De hiervoor beschreven uitgangspunten bij de toepassing van artikel 91 Cw 2001 zijn niet in artikel 91 Cw 2001 zelf neergelegd, maar liggen ten grondslag aan de gekozen reikwijdte van de onderzoeksbevoegdheden van de AR.
Uit de parlementaire behandeling blijkt tevens dat het systeem van de comptabiliteitswetgeving is gebaseerd op scheiding van uitgaven van publieke en private aard.5 Wat de private sector betreft, is het geboden dat de eigen sfeer, dat wil zeggen de zelfstandigheid en het private karakter van instellingen die in de private sector werkzaam zijn, wordt gerespecteerd. Tegenover de private sector staat de publieke sector, waar met collectieve gelden wordt gewerkt en waar de parlementair-democratische controle op de besteding van deze gelden altijd mogelijk moet zijn. Dit onderscheid is terug te leiden tot de aanvankelijk strakke scheiding tussen de sector Rijk en de maatschappelijke sector, anders gezegd, tussen de publieke en de private sector. De sinds de jaren zeventig en tachtig toenemende verwevenheid tussen beide sectoren heeft de wetgever doen besluiten onder de voorwaarden van artikel 91 Cw 2001 bepaalde categorieën, die strikt genomen niet tot de sector Rijk behoren, toch tot die sector te rekenen, indien en voor zover deze enigerlei financiële relatie met het Rijk hebben in de zin van subsidie, deelneming, garantie of heffing. De reikwijdte van de controle varieert in het systeem van artikel 91 Cw 2001 per categorie en naar omvang van de financiële relatie, maar gemeenschappelijk in alle gevallen is dat de controle als grondslag de besteding van publiek geld heeft en dat deze bevoegdheid bestaat, zolang als en over de jaren waarin de Staat daarbij belang heeft of (waar het gaat om rechtspersonen met een wettelijke taak) het algemeen belang dit vordert.

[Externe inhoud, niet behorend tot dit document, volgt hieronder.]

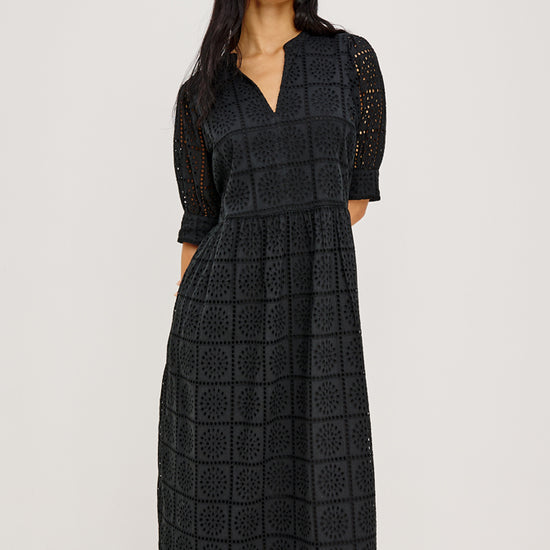 short sleeve black grid embroidery dress from rails model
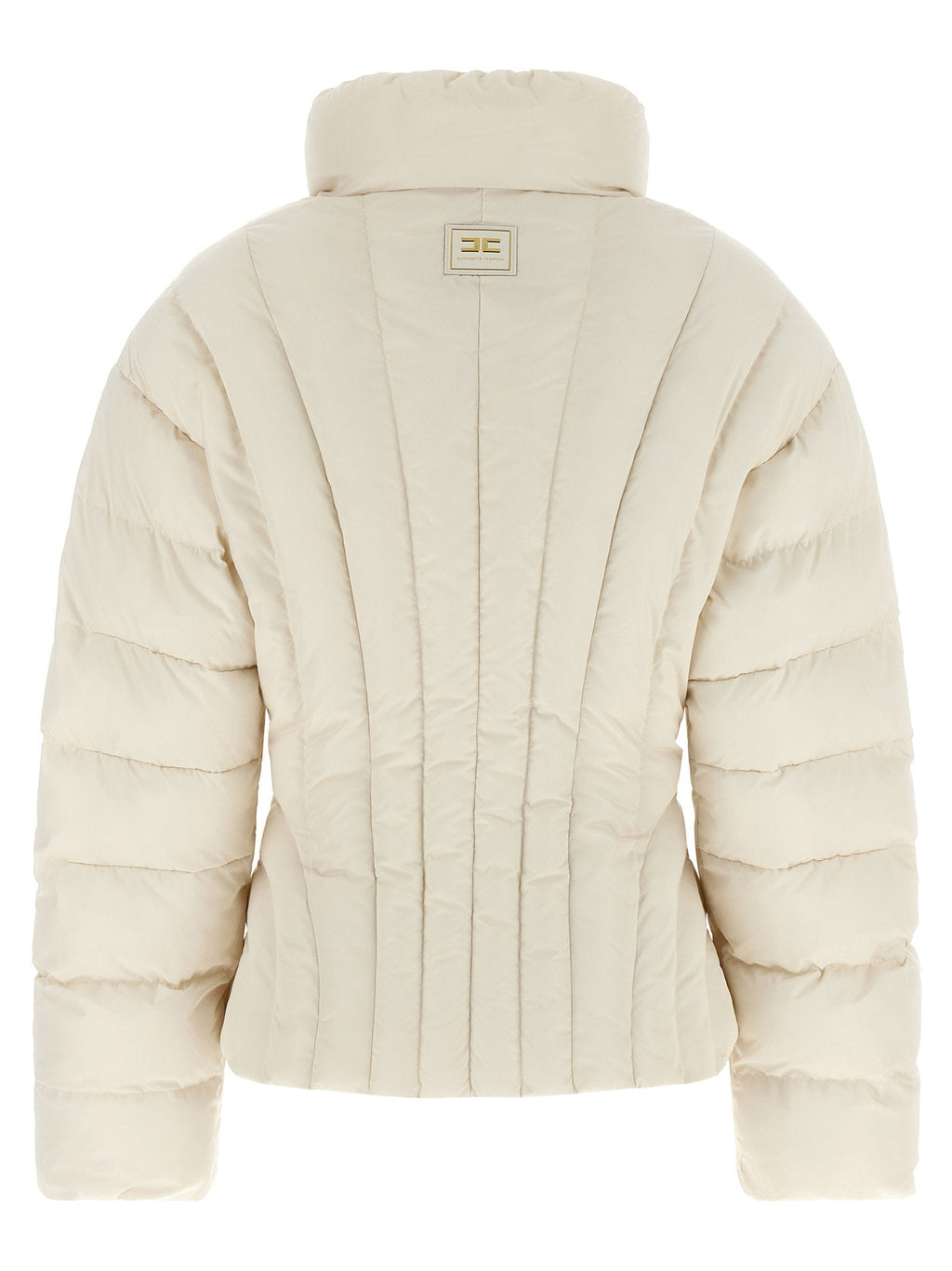 Elisabetta Franchi Quilted Down Down Jacket — Cream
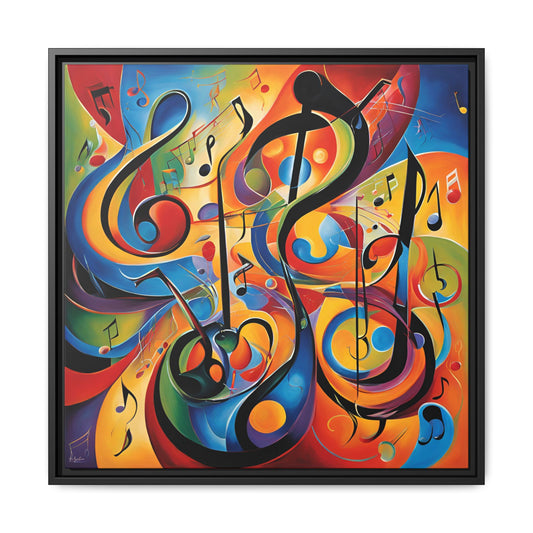 Modern Music-Themed Print Abstract Design Unique Framed Canvas Print Treble Clef Note Wall Art Music Lover Gift Decor 3 frame colors
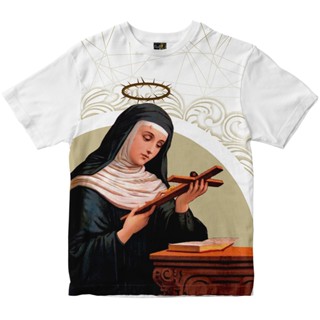 Camiseta Santa Rita com a cruz nas Mãos Rainha do Brasil Branca em Oferta na Shopee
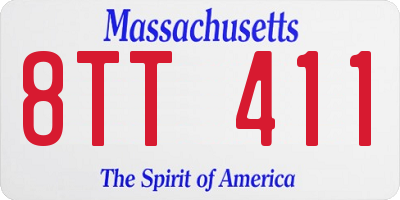 MA license plate 8TT411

Een en ander komt tot uitdrukking in de verschillende categorieën ondernemingen ten aanzien waarvan de AR over onderzoeksbevoegdheden beschikt. In de eerste plaats heeft de AR een onderzoeksbevoegdheid ten aanzien van naamloze of besloten vennootschappen waarin de Staat het gehele of nagenoeg het gehele (95%) geplaatste aandelenkapitaal houdt (artikel 91, eerste lid, onder a, Cw 2001).6 Bij deze ondernemingen kan de AR rechtstreeks onderzoeken verrichten. De AR heeft ook een onderzoeksbevoegdheid wanneer de Staat meer dan 5%-aandeelhouder is en het financiële belang groter dan een bepaald bedrag is (artikel 91, eerste lid, onder b, Cw 2001). In dat geval kan de AR echter niet rechtstreeks bij deze ondernemingen onderzoek verrichten, maar geschiedt zulks door tussenkomst van de Minister van Financiën (artikel 91, derde lid, derde volzin, Cw 2001). Daarnaast beschikt de AR ingevolge artikel 91, eerste lid, onderdelen c en d, Cw 2001 nog over onderzoeksbevoegdheden ten aanzien van ontvangers van rijkssubsidies, leningen en garanties, en ten aanzien van rechtspersonen met een wettelijke taak. In deze gevallen beschikt de AR op onderdelen over ruimere onderzoeksbevoegdheden dan de verantwoordelijke minister, bijvoorbeeld waar het gaat om rechtspersonen met een wettelijke taak.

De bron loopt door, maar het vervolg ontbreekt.